◆ EXERCISE INPUT
____________________

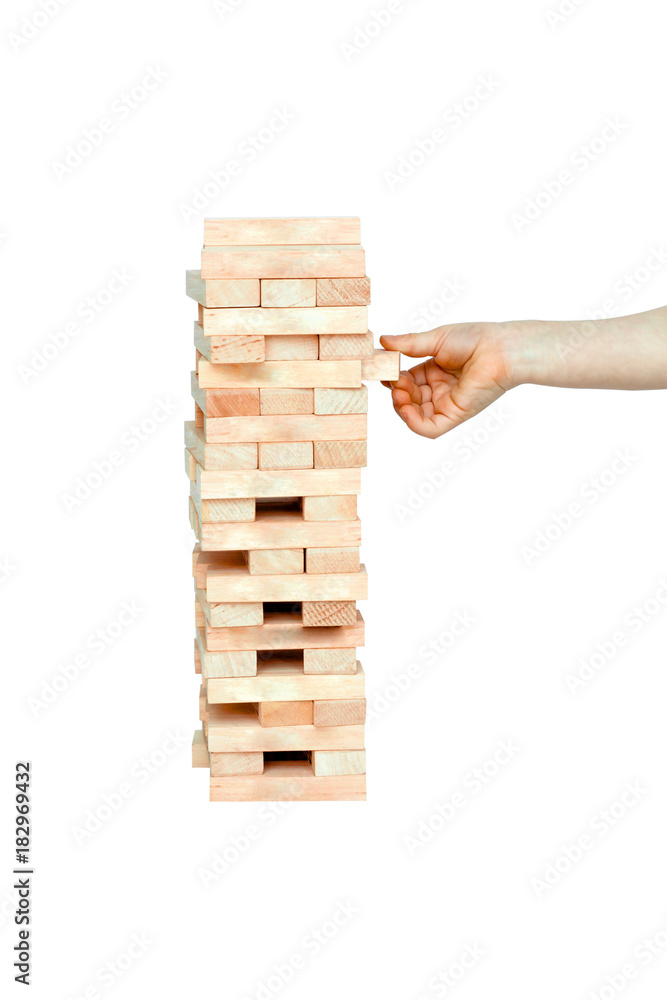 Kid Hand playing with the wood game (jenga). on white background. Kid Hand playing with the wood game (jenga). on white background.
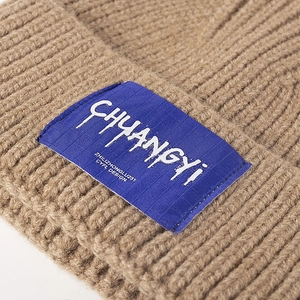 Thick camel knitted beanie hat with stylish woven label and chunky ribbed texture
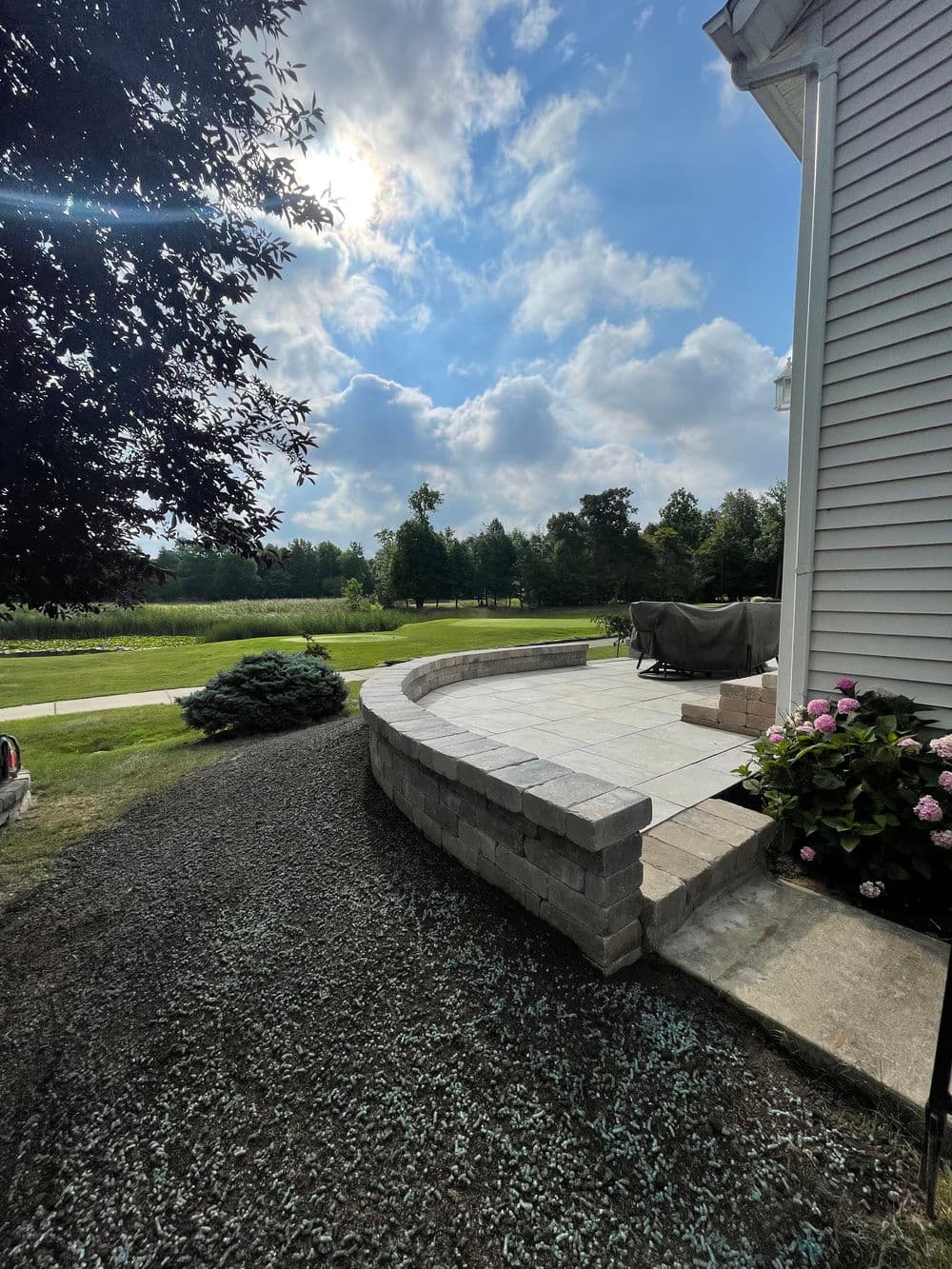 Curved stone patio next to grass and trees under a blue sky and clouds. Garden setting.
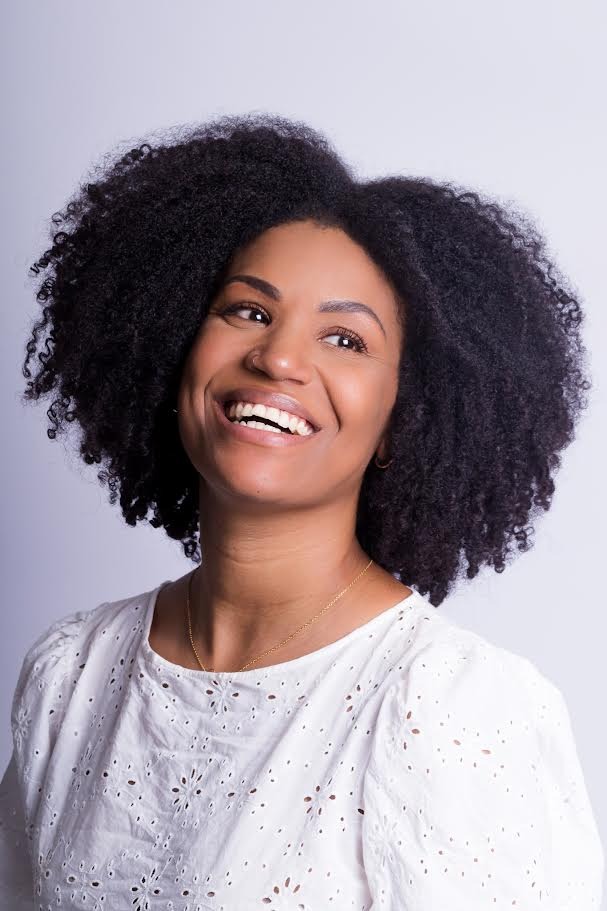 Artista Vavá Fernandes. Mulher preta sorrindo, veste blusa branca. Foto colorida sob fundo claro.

____________________

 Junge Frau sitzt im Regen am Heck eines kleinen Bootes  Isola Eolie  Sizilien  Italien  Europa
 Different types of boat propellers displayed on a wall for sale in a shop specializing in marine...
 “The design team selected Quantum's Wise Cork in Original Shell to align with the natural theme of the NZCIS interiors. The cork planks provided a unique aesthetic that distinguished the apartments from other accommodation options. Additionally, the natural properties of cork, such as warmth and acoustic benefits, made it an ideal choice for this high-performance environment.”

____________________

◆ WORK TO COMPLETE
Of the records above, print only the lines from the one containing "white background. Kid" through the one containing "Artista Vavá Fernandes.", inclusive and unaltered, leaving out pictures.

◆ SOLUTION TO THIS TASK
 Kid Hand playing with the wood game (jenga). on white background. Kid Hand playing with the wood game (jenga). on white background.
 Thick camel knitted beanie hat with stylish woven label and chunky ribbed texture
 Curved stone patio next to grass and trees under a blue sky and clouds. Garden setting.
 Artista Vavá Fernandes. Mulher preta sorrindo, veste blusa branca. Foto colorida sob fundo claro.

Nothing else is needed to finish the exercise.